Elderflower and Strawberry Cupcakes

The weather here in Zurich has taken a miserable turn, but what could brighten up your day more than these summery cupcakes?! Strawberry season is quite possibly my favourite time of year. Watching those little beauts pop up on the shelves of the farmer’s markets in all their rosy glory, always makes me smile:) It also reminds me of Rory O’Connell’s tradition when it comes to new season produce. He suggests you make a wish the first time you eat a fruit or vegetable that season, which is exactly what I did last week. Took a big, juicy, strawberry bite and wished for more strawberries! The strawberries I used here came from friends who brought me 2 kilos having picked them at a strawberry farm nearby. You can find the details here. The beauty of this is you can munch what you want in the open and only pay 5 CHF per kilo, of whatever you bring with you.

Strawberries

Strawberries

Elderflowers are almost finished in Switzerland, so if you do want to make your own Elderflower Cordial or decorate your buns with lovely, white sprigs, you’d better get baking now…
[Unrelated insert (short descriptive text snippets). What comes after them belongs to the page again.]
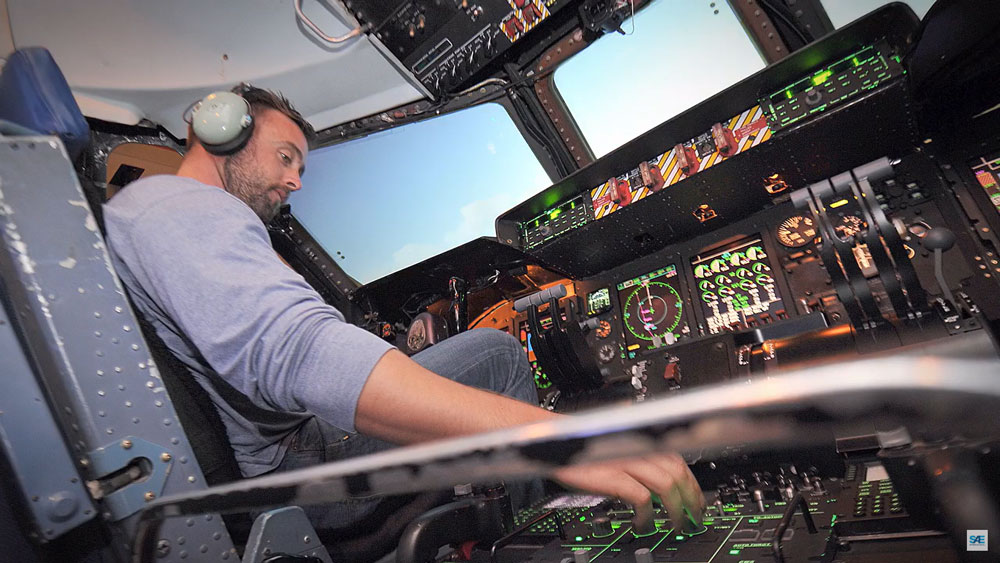 U.S. air force pilot in helicopter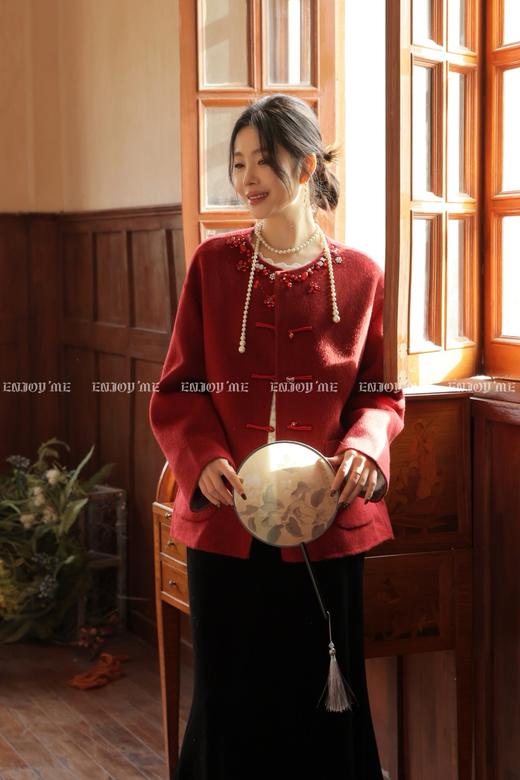 【门店同款】ENJOY冬季“烟火漫春”领口钉珠精致大衣 168897827 商品图3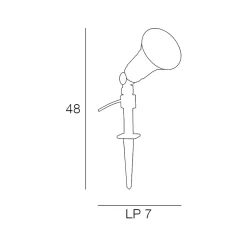Spot à piquer extérieur Spike Little Garden E27 12W 960lm H.48 x P.7 cm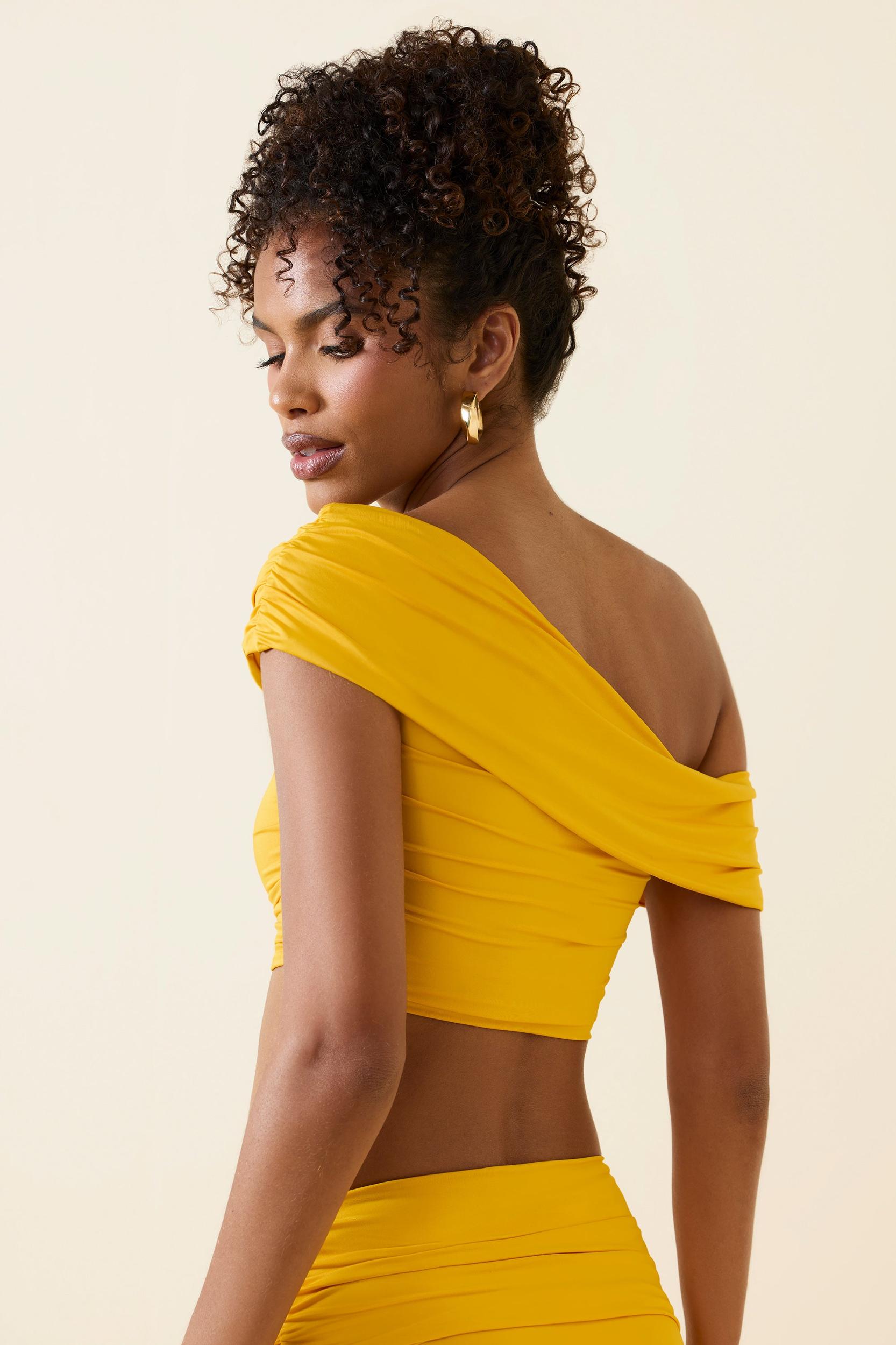 Asymmetric Ruched Off-Shoulder Crop Top in Golden Yellow Product Image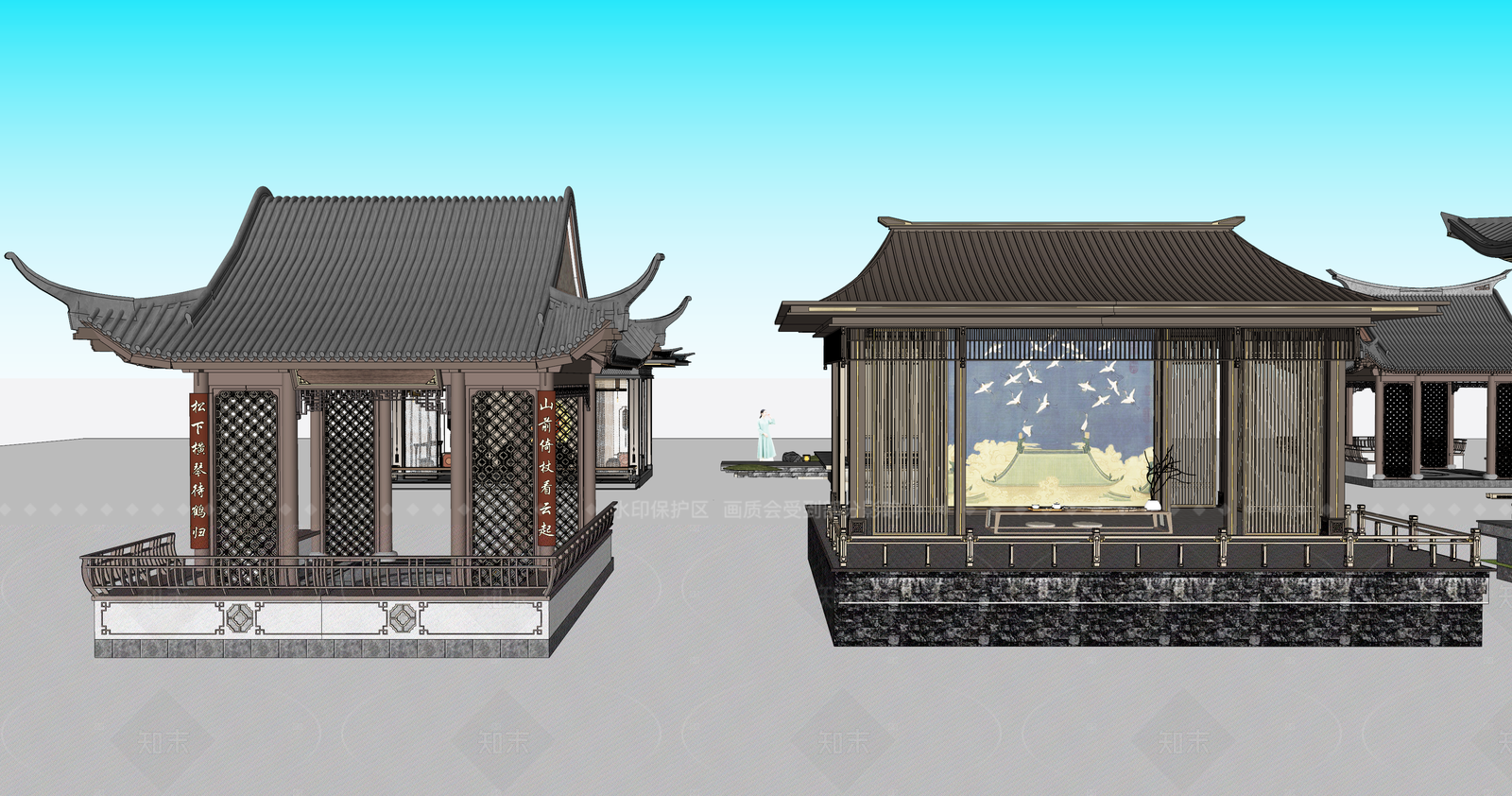 中式新中式廊架SU模型下载【ID:1206300776】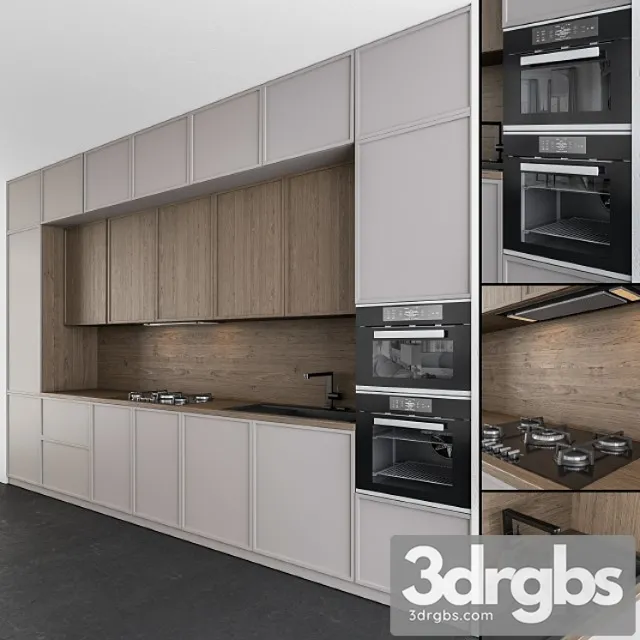 Kitchen Modern Gray And Wood 45 3D Model Free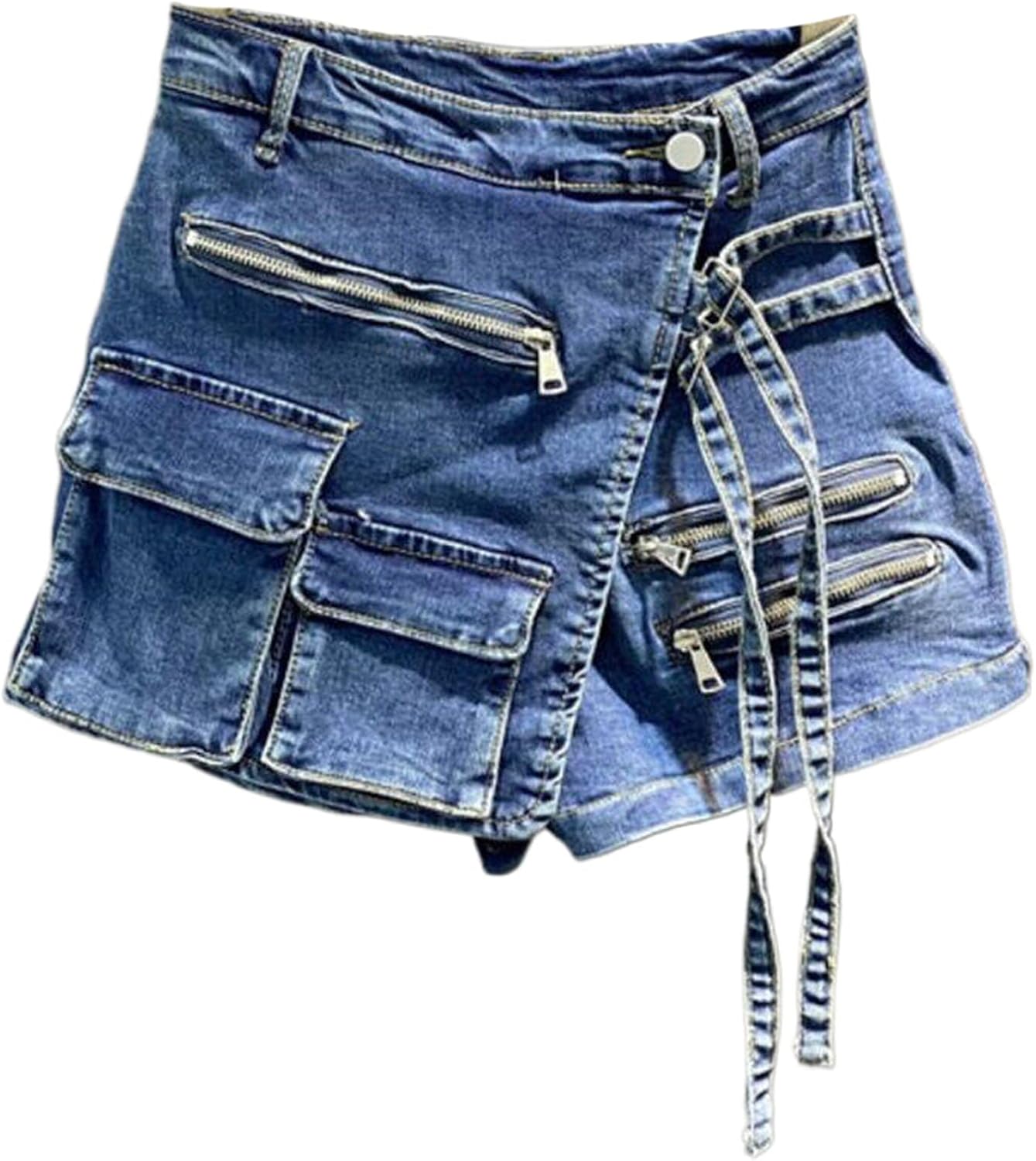 JYHBHMZG Women's Irregular Multi-Pocket Design Denim Shorts Skirts,High Waist,Loose Fit,Wide Leg Jeans for Spring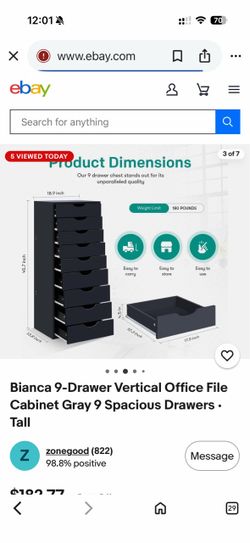 Bianca 9-Drawer Vertical Office File Cabinet Gray 9 Spacious Drawers • Tall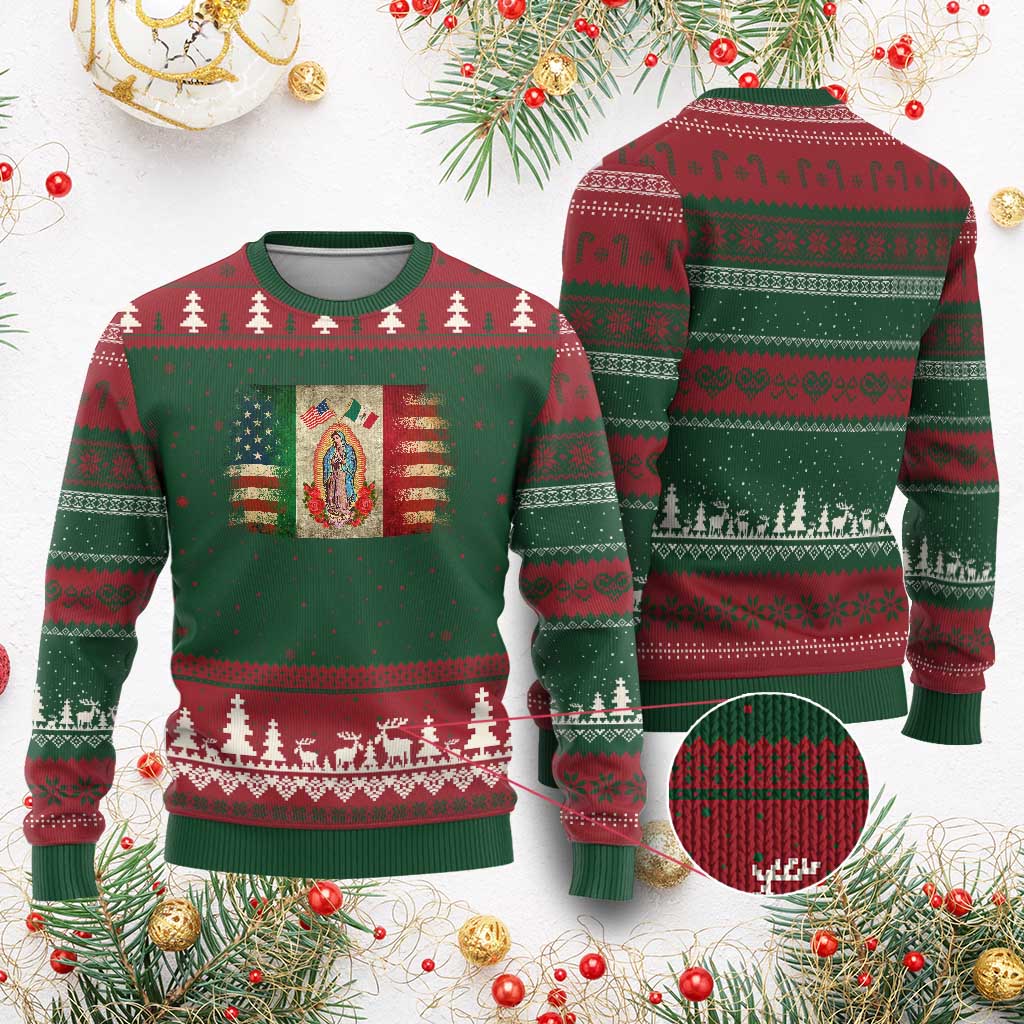 American Mexican Flag Ugly Christmas Sweater Virgin Mary Mexico Heritage Mexican Roots TS10 Red Green Print Your Wear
Strawberry and Elderflower Cupcakes

Makes 12

Ingredients

Cakes

  • 120g soft butter
  • 150g caster sugar
  • 2 tbsp. elderflower cordial
  • 1 tsp. lemon zest
  • 2 large eggs
  • 130g self-raising flour
  • 50g ground almonds
  • 1 tsp. baking powder
  • 125ml milk

Frosting

  • 150g fresh strawberries
  • 150g soft butter
  • 100g sieved icing sugar
  • 1 tsp. vanilla extract

 

Method

  1. Preheat oven to 180°C (160°C fan)
  2. Line muffin tin with cupcake cases
  3. Sift flour and baking powder into bowl with ground almonds and set aside
  4. Cream butter and sugar until light and fluffy
  5. Add the elderflower and lemon zest
  6. Add eggs one at a time
  7. Add half the flour and half the milk and mix until fully combined
  8. Add other half of flour and half milk and mix until fully combined
  9. Divide mixture into cupcake cases and bake for approx. 18 mins (skewer should come out clean)
  10. Cool for 20 minutes in tin and then transfer to wire rack
  11. For the frosting… Puree the strawberries in a blender
  12. Put puree into a saucepan and heat over medium heat stirring regularly until it reduces by half (can take up to 20 minutes)
  13. Beat the butter until smooth
  14. Add 2 tbsp. of strawberry puree and half the icing sugar to taste
  15. Continue adding puree and icing sugar until you reach the desired flavour and texture
  16. Pipe on the frosting and enjoy!